Suatu hari mereka mengajakku
pergi jalan-jalan aku kira ayah akan memutuskan jalan-jalan ke alun-alun kota
atau melihat pasar malam atau hanya menghabiskan bensin. ternyata dugaanku
salah, ayah mengajakku ke sebuah istana yang setengah jadi.
"Lel, ini istana yang ibu
ceritakan??" kata ibu dengan perasaan bahagia dengan tatapan matanya yang
seolah olah juga bahagia dan berucap rasa syukur yang tak terhingga. akupun
melepas gengaman ibu dan melihat calon istana yang akan ku tempati nanti.
besar,berdinding batu bata, kamarnya tiga dan kali ini aku akan punya kamar
sendiri, kamar mandi dua brkeramik tidak seperti kamar mandi yang aku pakai setiap
hari masih bersemen dan jelek. aku pun membayangkan apa yang akan terjadi
dirumah ini, mungkin aku juga bisa bermain sepak bola disini tidak perlu keluar
rumah, mungkin aku juga bisa mengajak teman temanku untuk bermain petak umpet.
Ayahpun menggendogku tanpa tahu
anaknya sekarang sudah besar dan berat dan akan menyamainya.

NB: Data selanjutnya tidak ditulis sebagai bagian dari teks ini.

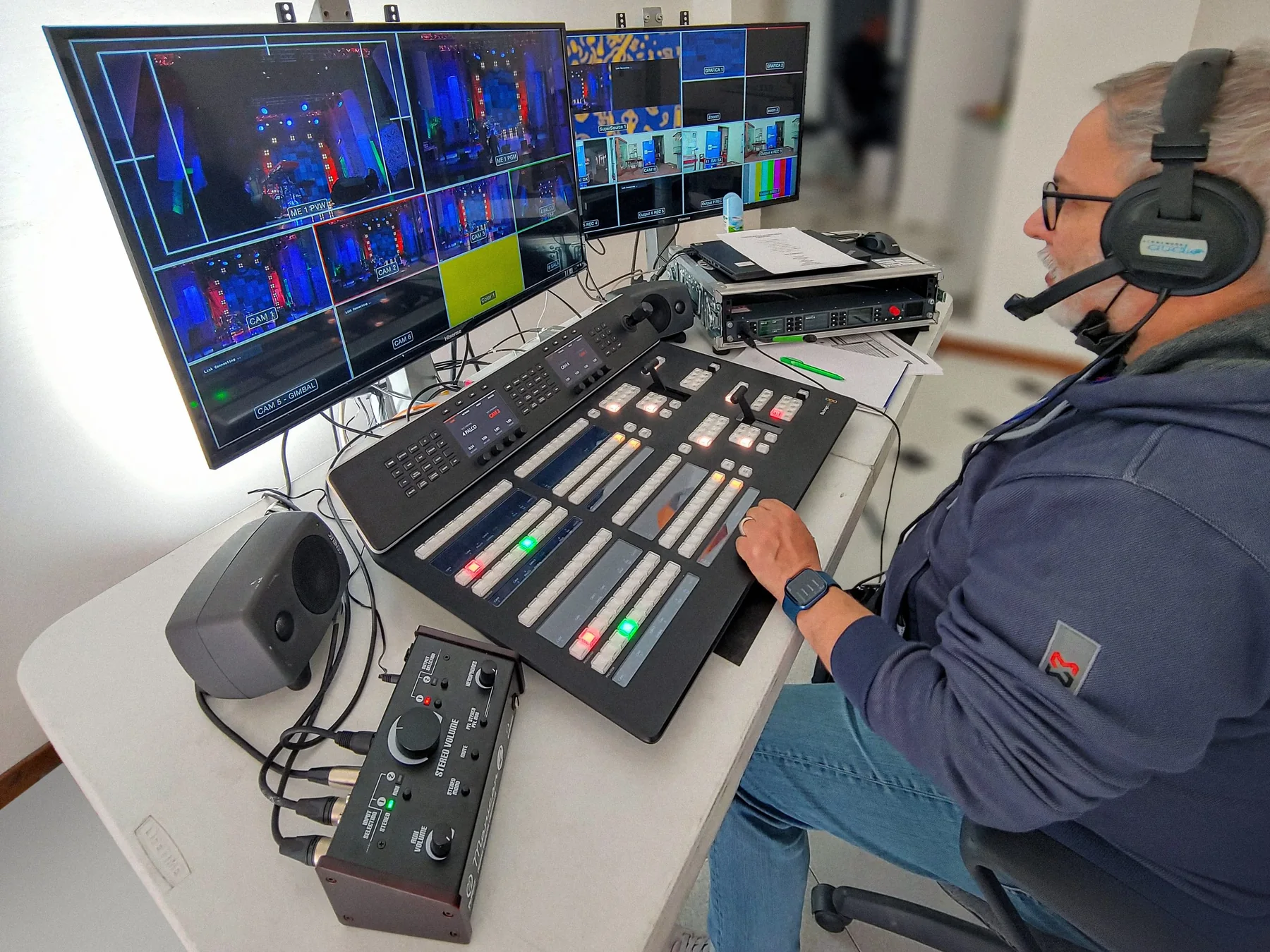 Stefano Massoli alla regia durante delle audizioni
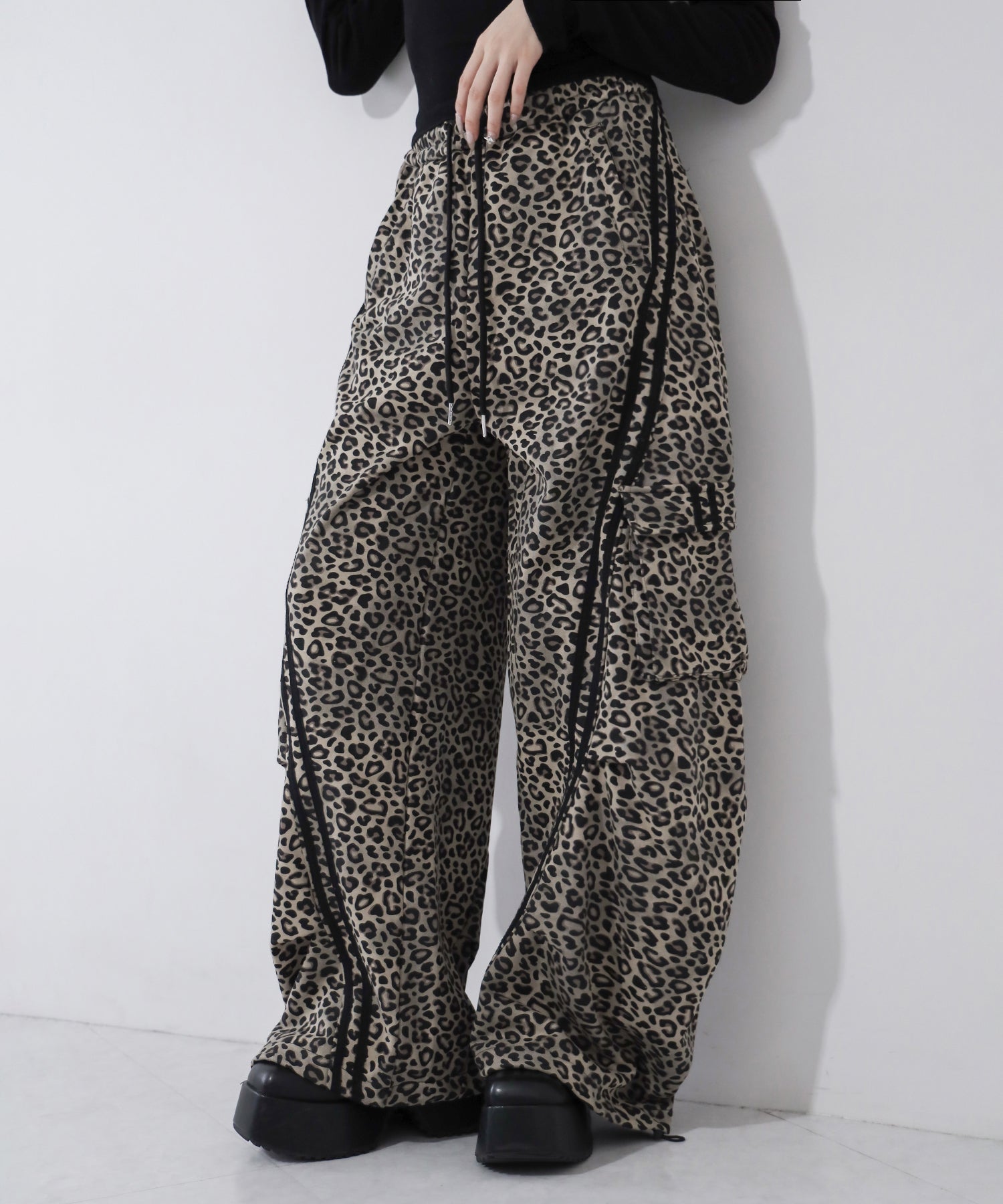 【 裾絞り可能2WAY 】レオパードヴィンテージサイドラインタックワイドスウェットパンツ / leopard vintage side line tuck wide sweatpants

Meskipun ayah
tidak mengatakan sepatah kata apapun, dalam pelukannya terasa sekali jantung
hatinya berddegup kencang mengatakan bahwasannya beliau menghadiahkan ini
untuknya, untuk putri kecilnya. Selang beberapa menit kemudian ayah dan ibu
memutuskan untuk pulang. sebenarnya aku tidak ingin pulang karena pada saat itu
disekitar rumahku ramai dengan anak kecil. Imajinasiku pun mulai mebisikanku
akan hal indah yag akan terjadi di istana baru ini. tetapi ayah memaksaku
pulang dan menjanjikanku untuk melihat sesuatu.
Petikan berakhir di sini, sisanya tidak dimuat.